How do you folks handle this?

For arguments sake, lets go with commercial jobs first.

Contractor makes a change that is code compliant but is not what is on the approved plans that are stamped by a design professional.  Here are some examples:

1) Electrical engineer designs a grounding system with 3 5/8" 10' rods in a triangle, 10' apart.  Electrician installs a concrete encased electrode and one rod which isnt even needed at this point.

2) Lightframe construction for a doctor's office has 10" thick footers specified on the prints with 4,000psi strength concrete.  The contractor installs 7-1/2" footers with 3,500psi strength concrete.  Both installs by the contractor are determined to exceed the prescriptive code as adopted but don't meet the specs of the prints.  Although the contractor deviated from the prints, what they did actually exceeded the code requirements prescriptively for light frame construction.

In both instances, the contractors tell you that you are there for code compliance only and not there to enforce issues beyond the code minimum.  They state that this is a contractural issue between the contractor and the owner and that you as a code official are only there to ensure that the minimum code has been complied with, nothing more.
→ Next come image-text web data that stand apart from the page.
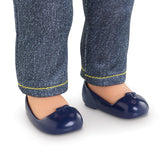 Corolle Ma Ballerina's Marineblauw - afbeelding 2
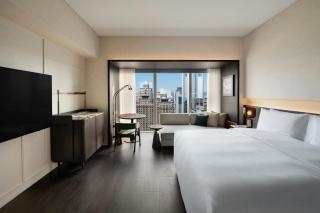 Le Meridien Taipei Banqiao - 9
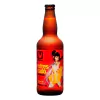 CERVEJA URBANA REFRESCADO DE SAFADEZA - 500ML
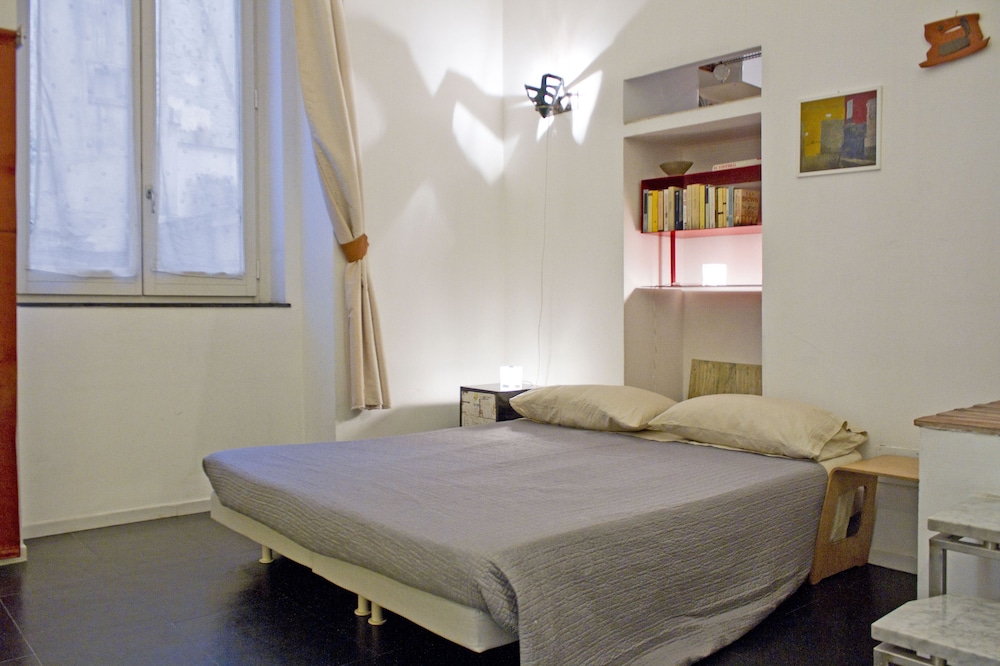 Suite + Kitchen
In PA we have the PA-UCC which addresses this issue.  We did not adopt Chapter 1 of the IBC and ours states:



> _Work shall be installed in accordance with the approved construction documents. The permit holder shall submit a revised set of construction documents for approval for changes made during construction that are not in accordance with the approved construction documents_.


We use that reference to cite those that question what we are there for.


----------



## brudgers (Dec 16, 2009)

Re: Compliant vs. what is on the approved plans

Do you seal the modified plans?


----------



## jar546 (Dec 16, 2009)

Re: Compliant vs. what is on the approved plans



			
				brudgers said:
			
		

> Do you seal the modified plans?


No, commercial changes must come sealed by an architect or engineer and I will review them for code compliance.


----------



## Bryan Holland (Dec 17, 2009)

Re: Compliant vs. what is on the approved plans

In the two examples you provided, I would approve the installation on a "proceed at your own risk" notice.  However, revisions (sign and sealed) to the original approved plans must be submitted to the building department before next inspection.  This would be the case for any alteration or change made in the field from the approved plans that remains in compliance with the code and is at least equivalent design.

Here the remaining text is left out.